Hi
Four month ago I bought a perfectly good TC229 with the conversational control for about $7000 with the conversational control. I went to some trouble to get one that was in good shape mechanically, I couldn't measure any backlash using a tenth indicator.
My original hope was to keep the original Sanyo Denki motors and drives but I found that the Brother control was talking to the drives with some sort of serial format so I gave up on the Sanyo denki drives. The motors are four pole brushless servos with incremental encoders (5000 lines for XYand Z, 1024 lines for the spindle) and no hall sensors. After spending 40 hours of research and another 40 hours of experimenting I managed to get all the axis motors running with AB Ultra3000 which has an algorithm that allows it to determine its commutation based on the encoder pulses without the use of hall sensors. I made a bunch of educated guesses for motor values such as inductance, resistance, rated current, torque constant etc, if anyone needs help with the specifics they should email me, it took me a long time to figure it all out. Overall I am happy with drives they allow a lot of flexibility in configuring the IO and the Ultraware software works well. Many of the used Ultra3000 drives on Ebay have the SERCOS network feature but I found that the software allows you to disable this and use the either step and direction or analogue commands. I have a mix of 2098-010 and 2098-020 models. I will need the higher current 020 for the z axis.
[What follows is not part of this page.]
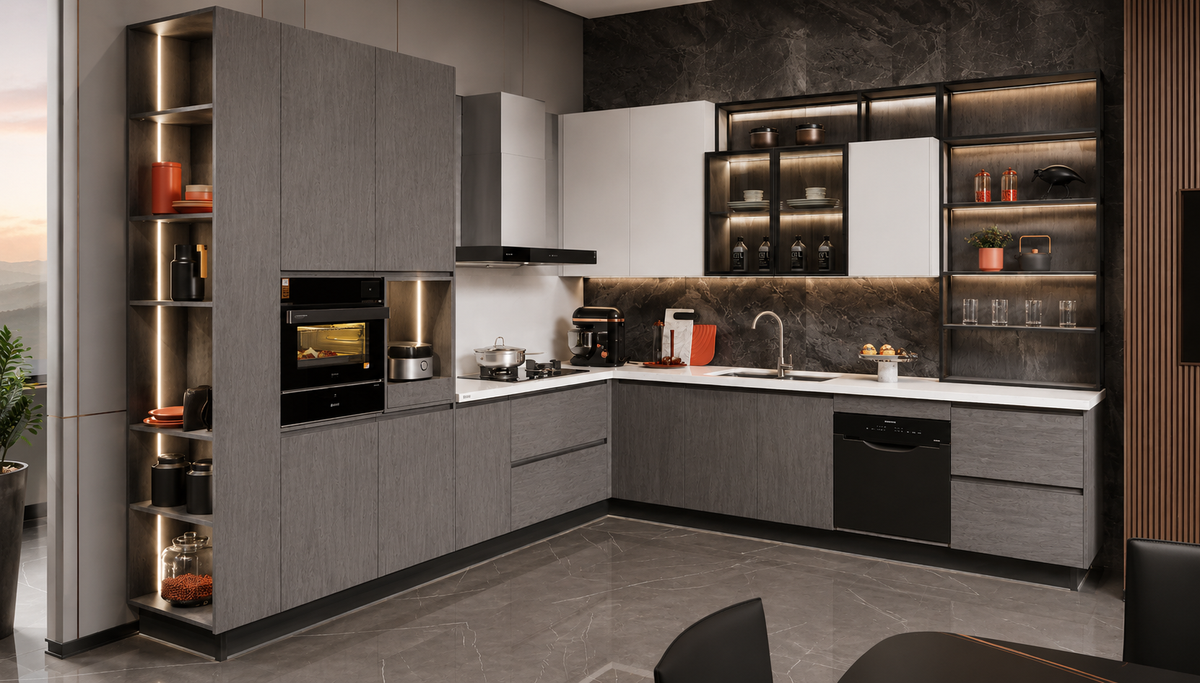 Modern L-shaped kitchen cabinetry set with gray wood-grain lower cabinets, white upper cabinets, black appliances, and built-in shelving with warm under-cabinet lighting.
The z axis is not counterbalanced, the z axis motor has a brake, one the brake is disabled (24V) the z-axis drops at an alarming rate, I found this out the hard way. Unfortunately the commutation routine needed for the Ultra3000 does not occur until a few seconds after the enable pin goes high, the brake is released as soon as the enable pin goes high. I did find that the drive was able to successfully perform the commutation routine with the brake on, this surprised me but I think I will try to control the brake with the ladder in LinuxCNC, as the drive can provide a signal that the commutation routine was successful. I have not actually tested this yet.
My original plan was to use an Ultra3000 to run the spindle as well, the problem with this plan is that drive runs out of voltage before the motor gets to its top speed of 10000 rpm. The drives I have can run with an input voltage of 120-240v. When I put 120V in I could only get the motor to go to about 3600RPM, meaning 240V would get me 7200 Rpm max. The other problem is that an Ultra3000 that would be capable of driving this motor to full capacity would be costly ($1500 on Ebay). I am now researching VFDs that are capable of driving permanent magnet motors, this will hopefully allow for field weakening that will allow me to drive the motor to 10000 rpm. Orienting the spindle will be more of a challenge with a VFD instead of a servo.
I have a Mesa 5I25 and 7I76 daughter card, my plan is to run the axis motor in step and direction mode, and use the classic ladder to control the tool changer. It looks like the toolchanger has some sort of 5 bit sensor that indicates position and a three phase motor driven cam indexer to rotate the turret. loading and unloading the tool appears to be done by a mechanical linkage powered by the motion of the z-axis.
With some luck I hope to have the control panel finished and the various motors and sensors wired up within a month. I will post more info as I struggle through.